O empresário Venilson de Oliveira Rocha foi condenado a dois anos de reclusão acusado de fazer uso documento público falsificado, crime previsto no art.304, do Código Penal. A sentença foi dada no último dia 26 de agosto, pela juíza Júnia Feitosa Bezerra Fialho, da da 4ª Vara Criminal da Comarca de Teresina. Venilson recebeu mais recebeu mais de R$ 8 milhões da Prefeitura de Teresina, no decorrer da administração do ex-prefeito Firmino Filho, entre os anos de 2013 a 2017.


A denúncia feita pelo Ministério Público aponta que o empresário participou de procedimento licitatório na modalidade Pregão Presencial SRP nº 020/2013, através da Secretaria Municipal de Administração e Recursos Humanos.
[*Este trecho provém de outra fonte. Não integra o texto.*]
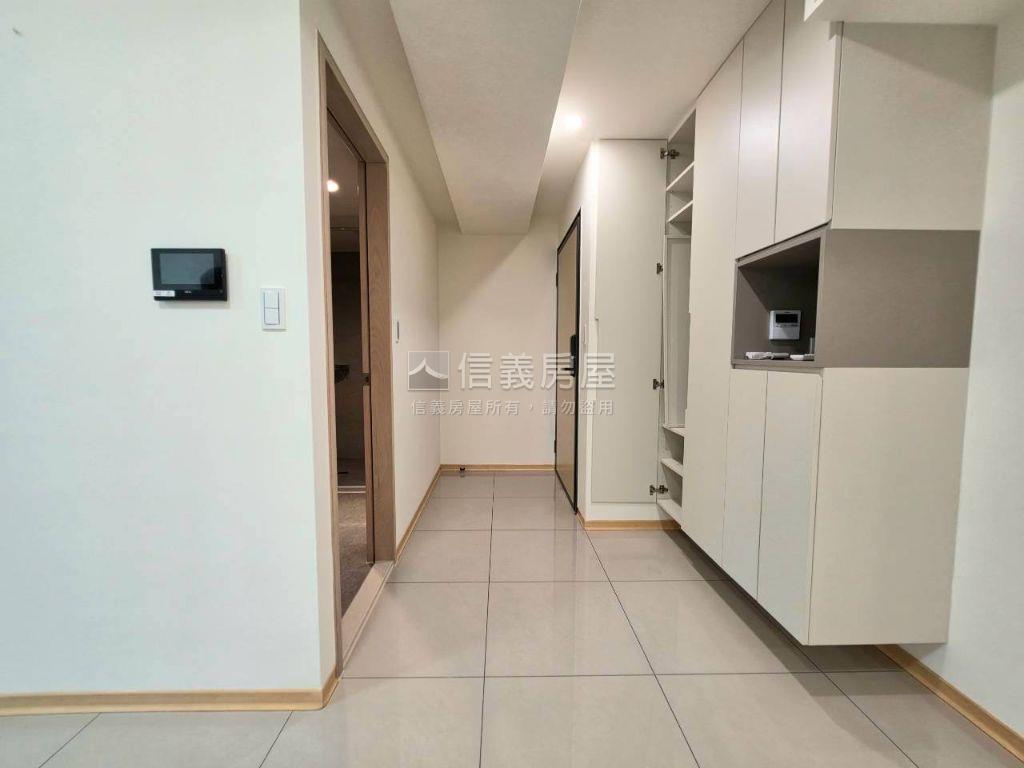 星野之森沐月三房車位房屋室內格局與周邊環境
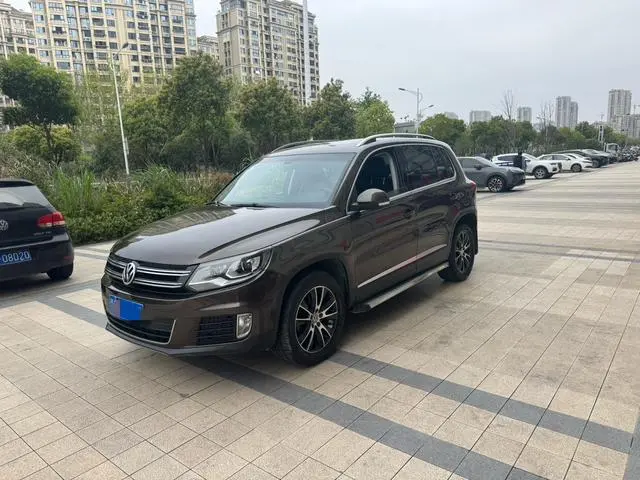 Tiguan 2015 1.8TSI automatic two-wheel drive luxury model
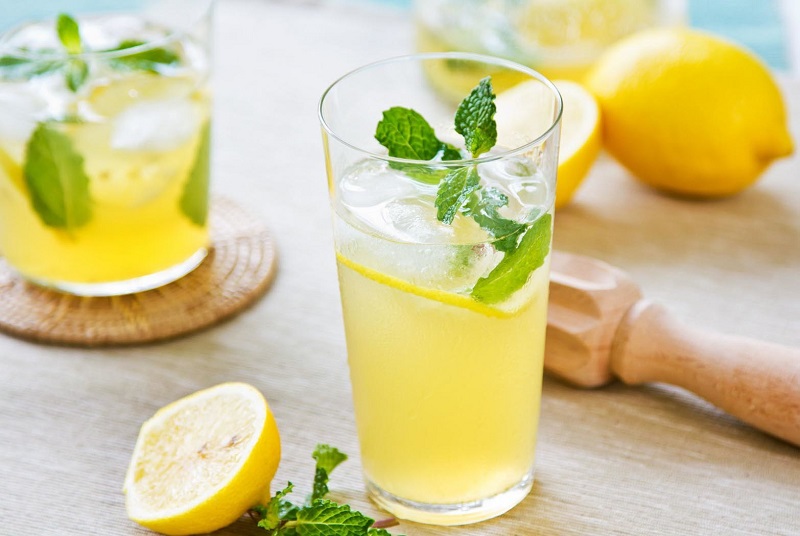 Uống 1 ly nước chanh vào mỗi buổi sáng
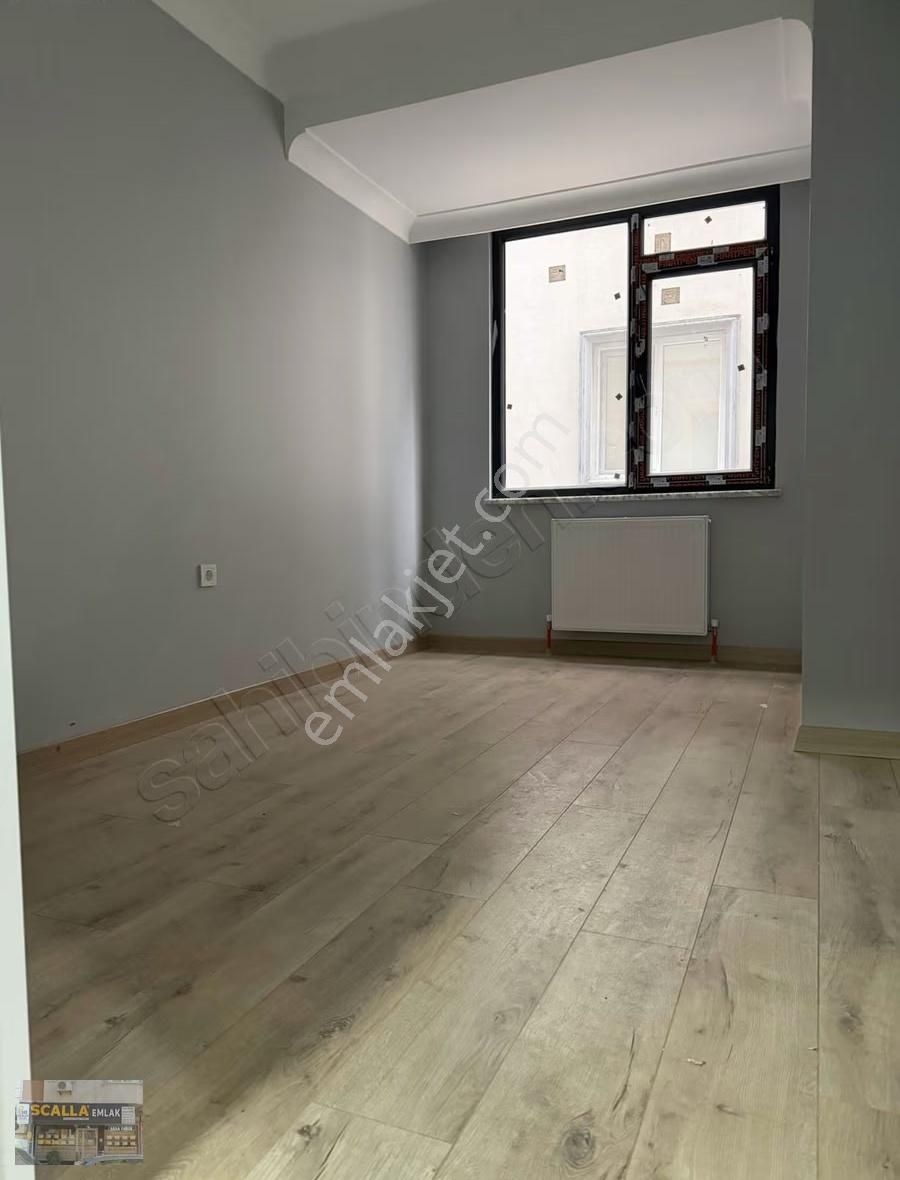 Cennet Mah Yeni Bina 3+1 Kiralık 1 Kat Otoparklı Daire - Görsel 23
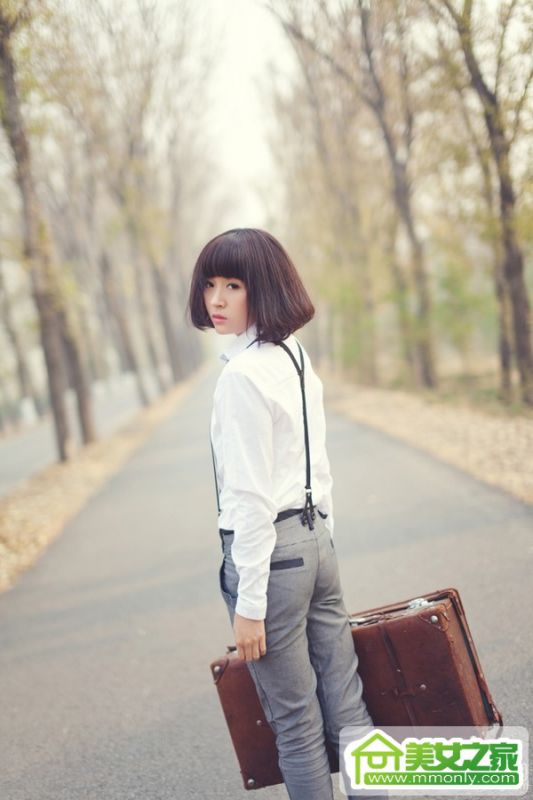 90后美女阿悄高清户外写真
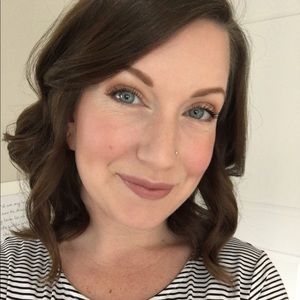 Meet your Posher, Casey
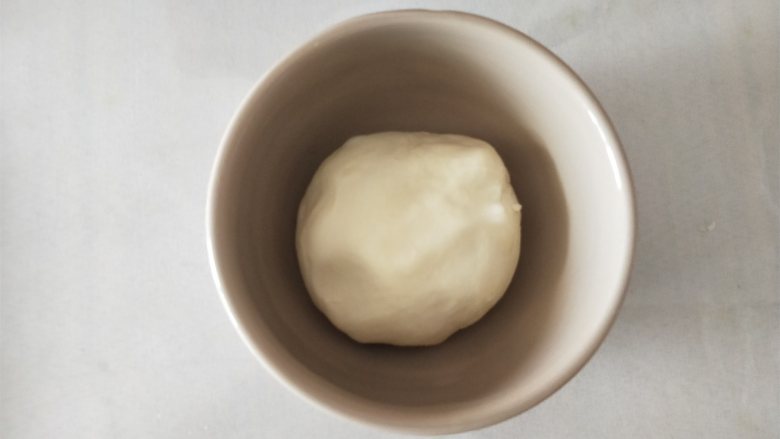 网红奶酪包,2、和完后取出面团放入大碗里，盖上保鲜膜后，放室温发酵大约三个小时多点（发酵面团那天白天温度 是28度），时间根据温度和空气湿度不同适当调整
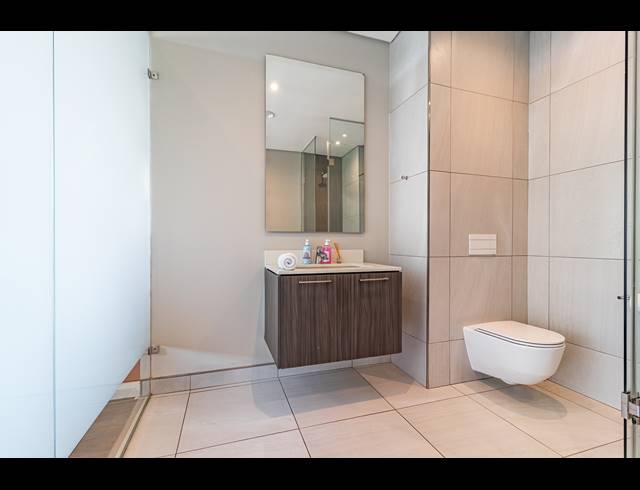 1 BEDROOM APARTMENT FOR SALE IN MENLYN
De acordo laudos dos processo foi constatado que algumas certidões apresentadas pela empresa não eram verdadeiras pois, após análise das informações junto ao Sistema Integrado de Administração Tributária do Município de Teresina – SIAT, constatou-se que as certidões conjuntas negativa e da dívida ativa do município, com códigos de controle nº 0052578/13-07 e 0001876/16-42 não foram expedidas pelo órgão competente, ou seja, tratavam-se de certidões falsas, conforme resposta da Secretaria Municipal de Finanças.
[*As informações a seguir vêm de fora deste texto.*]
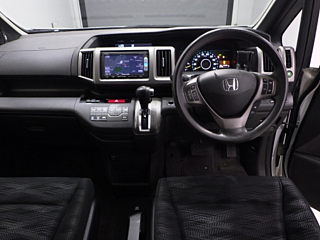 HONDA STEP WAGON 2014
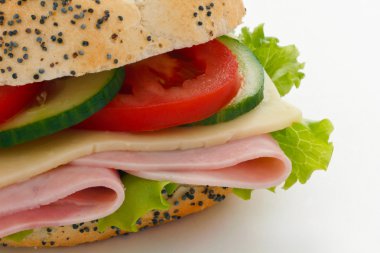 jambon ile dolu ve haşhaş tohumu ile tepesinde kızarmış beyaz kaiser rulo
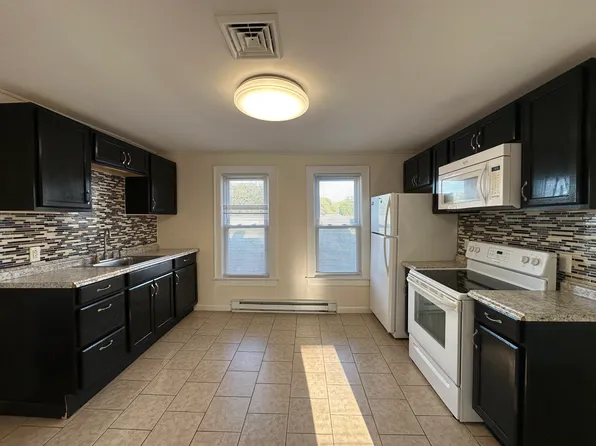 200 1st St #2, Syracuse, NY 13209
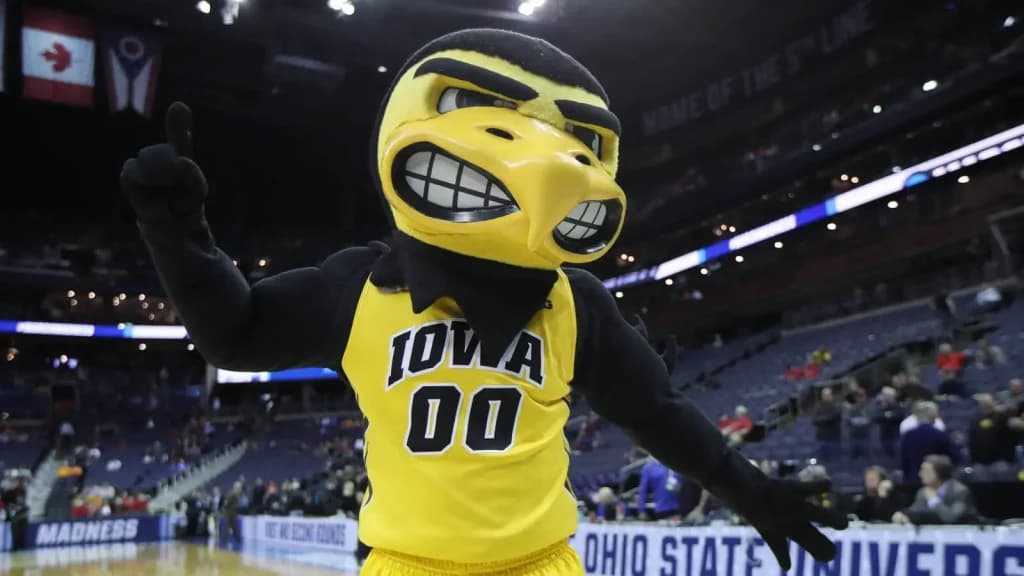 Maryland Terrapins vs Iowa Hawkeyes Picks and Prediction: February 14th Game Info, Odds, Trends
A denúncia narra que outra adulteração foi verificada quanto a certidão supostamente expedida pela Receita Federal referente aos débitos tributários federais e à dívida ativa da União.


Mais de R$ 2 milhões foram pagos após indícios de falsificação


No total, foram pagos mais de R$ 2 milhões a Venilson de Oliveira Rocha mesmo após a Controladoria Geral do Município de Teresina – CGM constatar indícios de fraude (adulteração) de certidões comprobatórias de regularidade fiscal apresentadas pela empresa no certame licitatório e em processos de pagamentos. As certidões são exigidas pela Lei 8.666/93 para que os órgãos públicos possam contratar e efetuar pagamentos a empresas.
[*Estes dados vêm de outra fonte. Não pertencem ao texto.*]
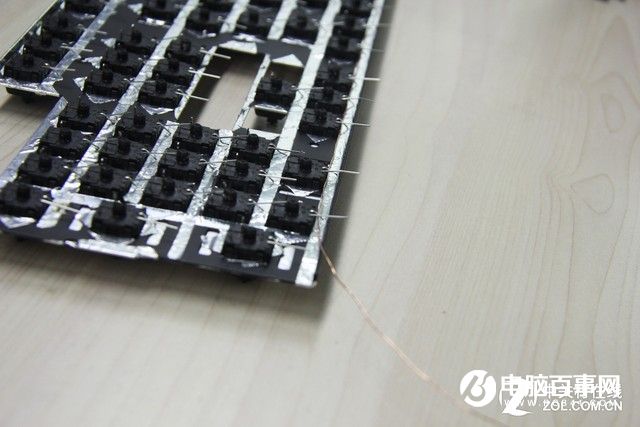 机械键盘怎么加灯 DIY机械键盘爆改加灯终极教程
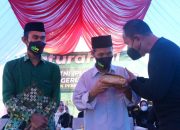 ASR Serahkan Bantuan Rp80 Juta Rehab Masjid dan Rumah di Tinanggea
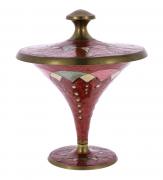 Lote 23 - TAÇA DE PÉ ORIENTAL – Taça com tampa em latão esmaltado, decoração de tons rosa, verde e bege. Dim: 20 cm de altura e 16 cm de diâmetro. Nota: sinais de uso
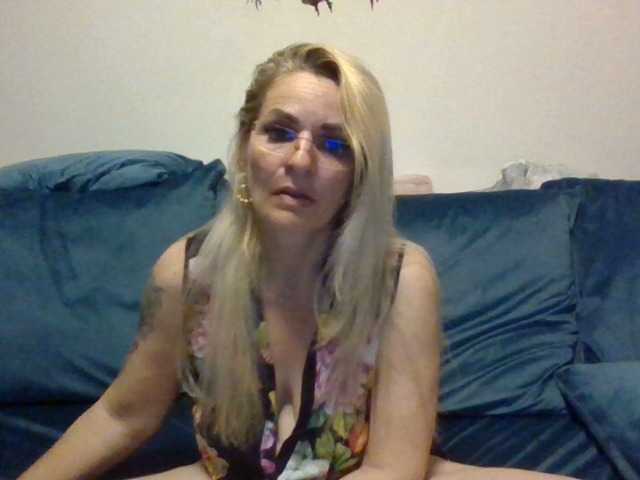 Екранни снимки на излъчване yzabel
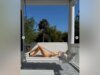 A estrela de ‘Landman’, Michelle Randolph, impressiona em um biquíni amarelo metálico quase imperceptível em um novo depósito de fotos de verão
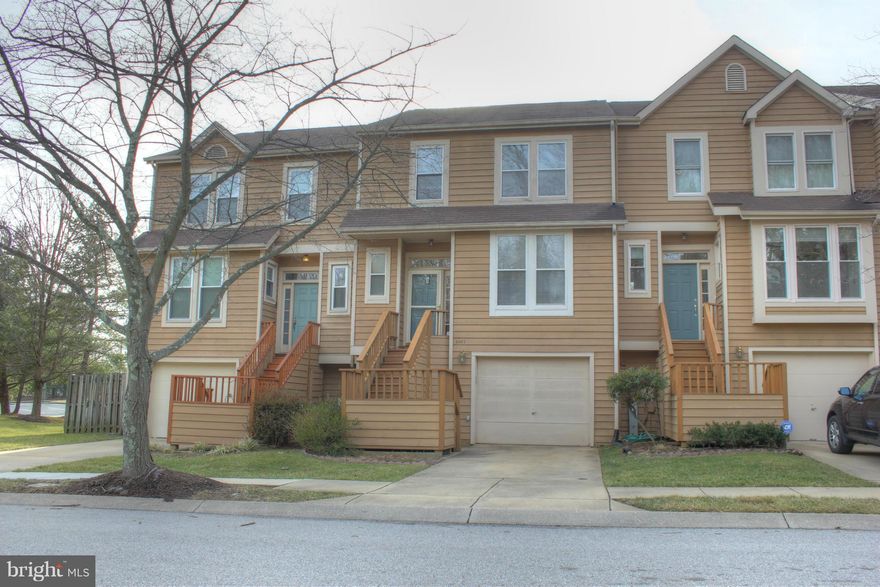 Three finished level town home. Features include: 3 bedroom, 2 full, 2 half baths. Master Suite, private deck, vaulted ceilings.  Eat in kitchen w/slider to large deck. Lower level rec room w/fireplace, walkout to fenced yard. Driveway w/1 Car Garage. Located minutes from APL, Ft/NSA, Rt32&29, downtown shopping & entertainment.Conv Columbia location but No CPRA taxes. Available for quick occupancy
Nos meses de outubro e novembro de 2016, o então secretário municipal de finanças, Jalisson Hidd Vasconcellos encaminhou ofícios à Receita Federal, Secretaria da Fazenda do Estado do Piauí e Ministério Público Estadual, comunicando ter detectado indícios de adulteração na Certidão Negativa de Débitos – CND da Receita Federal, Certidão de Situação Fiscal e Tributária emitida pela Secretaria de Estado da Fazenda e Certidão da Dívida Ativa do Município de Teresina, apresentadas pelo empresário nos processos de pagamentos originários de diversos órgãos da prefeitura de Teresina.


Empresário foi preso pela PF na “Operação Argentum”


O empresário foi preso pela Polícia Federal na denominada ‘Operação Argentum’, deflagrada em outubro de 2017, acusado de ter se beneficiado de licitações fraudulentas e participado de organização criminosa com o intuito de desviar recursos do precatório do Fundef na cidade de Prata do Piauí.

Somente no mês de novembro de 2017, quando o empresário permaneceu preso por quase 20 dias na Penitenciária Irmão Guido, a Prefeitura de Teresina pagou R$ 257.574,75 (duzentos e cinquenta e sete mil, quinhentos e setenta e quatro reais e setenta e cinco centavos).